Too often we take our law enforcement officials for granted.

It’s not just the everyday citizen who does this, but the system also is guilty of doing the same.

Earlier this month on March 7 Virginia State Police Master Trooper Junius Alvin Walker of Dinwiddie County was killed in the line of duty.

The 63-year-old veteran law enforcement officer was murdered as he slowed down to offer assistance to what appeared to be a disabled car. 

The master trooper didn’t know his life was in danger as he simply tried to help someone he thought might need assistance.

He wasn’t in hot pursuit of the bad guy, and he wasn’t trying to chase down a speeding motorist.

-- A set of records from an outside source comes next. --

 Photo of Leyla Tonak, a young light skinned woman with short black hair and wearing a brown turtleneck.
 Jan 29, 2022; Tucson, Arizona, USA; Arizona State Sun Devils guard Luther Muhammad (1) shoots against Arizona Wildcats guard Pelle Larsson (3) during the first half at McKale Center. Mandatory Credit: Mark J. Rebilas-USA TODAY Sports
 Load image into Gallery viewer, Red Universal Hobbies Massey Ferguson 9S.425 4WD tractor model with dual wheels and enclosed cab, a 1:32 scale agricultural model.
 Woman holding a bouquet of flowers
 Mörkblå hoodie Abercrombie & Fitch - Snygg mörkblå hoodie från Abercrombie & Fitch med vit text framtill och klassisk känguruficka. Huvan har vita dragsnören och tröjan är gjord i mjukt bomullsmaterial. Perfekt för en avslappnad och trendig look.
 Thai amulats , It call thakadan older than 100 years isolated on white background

It was a human act of kindness by someone doing the right thing, trying to help a fellow man that resulted in his untimely death, just weeks before his scheduled retirement.

Law enforcement officers put their lives on the line as part of their jobs every day. Any officer can face this type of risk, and it’s not something we as citizens should continue taking for granted.

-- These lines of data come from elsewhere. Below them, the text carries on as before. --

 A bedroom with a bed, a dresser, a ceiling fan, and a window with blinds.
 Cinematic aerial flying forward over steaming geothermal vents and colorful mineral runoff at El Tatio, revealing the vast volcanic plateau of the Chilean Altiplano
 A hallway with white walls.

Another issue facing authorities in the line of duty that few even knew was a problem came to the attention of area legislators before the last General Assembly session, and we commend them for doing something about it.

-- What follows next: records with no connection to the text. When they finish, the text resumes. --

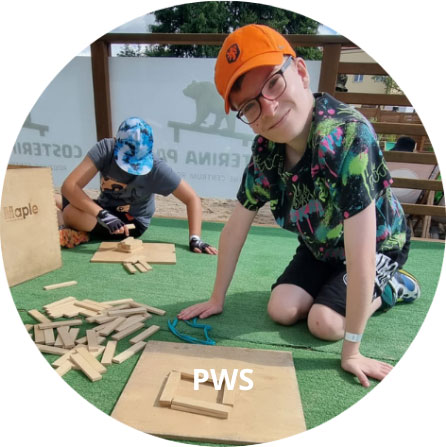 Dwoje dzieci bawi się drewnianymi klockami na zielonym dywanie na dworze. Jedno z nich uśmiecha się do kamery.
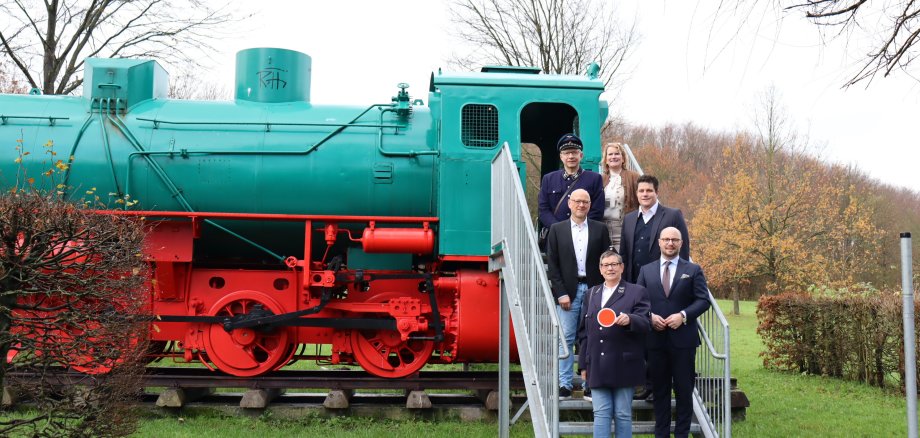 The decommissioned locomotive in the Phoenix activity park arouses anticipation for the planned shuttle service: bottom row (from left) Gudrun Rassat (Osnabrücker Förderkreis Eisenbahn-Tradition) and Mayor Michael Gerdhenrich, centre: Uwe Denkert (City of Beckum) and Dr Daniel Dierich (Energieversorgung Beckum), top row: Burkhard Rassat (Osnabrücker Förderkreis Eisenbahn-Tradition) and Marianne Witt-Stuhr (City of Beckum).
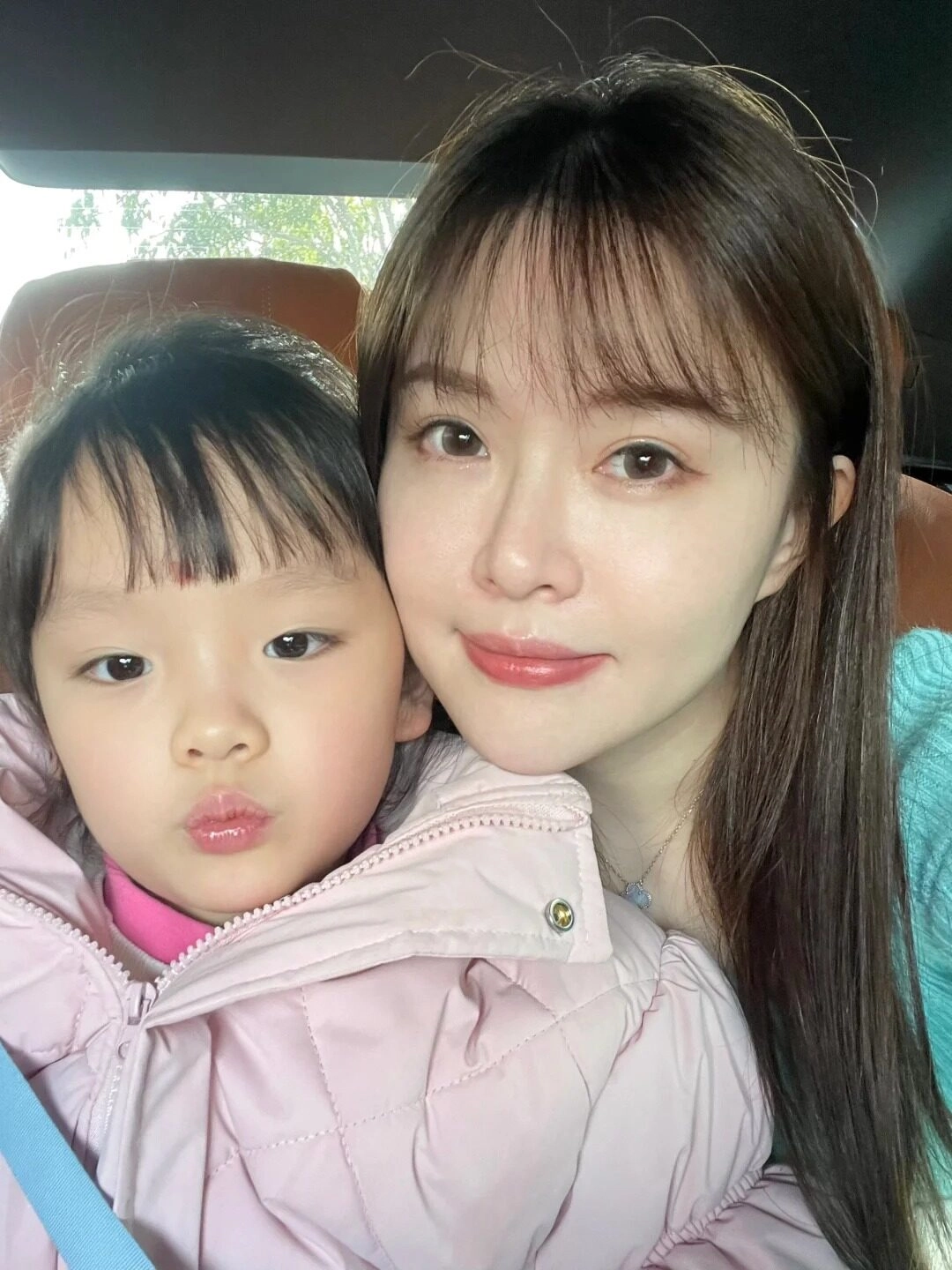 Mẹ mặc áo xanh nhạt, bé trong áo hồng bồng bềnh, cùng tạo dáng dễ thương.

Sen. Frank Ruff and Del. Tommy Wright and Sen. Bryce Reeves addressed what he described as “a bad situation that could affect you and your neighbors when in harm’s way.”

 Sen. Ruff said he heard of the “horrible situation” that neighboring Mecklenburg Sheriff’s Deputy B. J. Mull was placed in while doing his duty.
  Deputy Mull had been sent to respond to a call one stormy and windy night. After he had finished handling the call, he was driving away from the home when his cruiser was hit by a falling branch. 

The tree branch crushed the vehicle’s roof onto him, seriously injuring the officer.

The sheriff’s office reported the injury properly as a Workman’s Compensation claim, only to be informed these injuries were not covered because they were an “act of God,” and acts of God are not covered under Workman’s Compensation.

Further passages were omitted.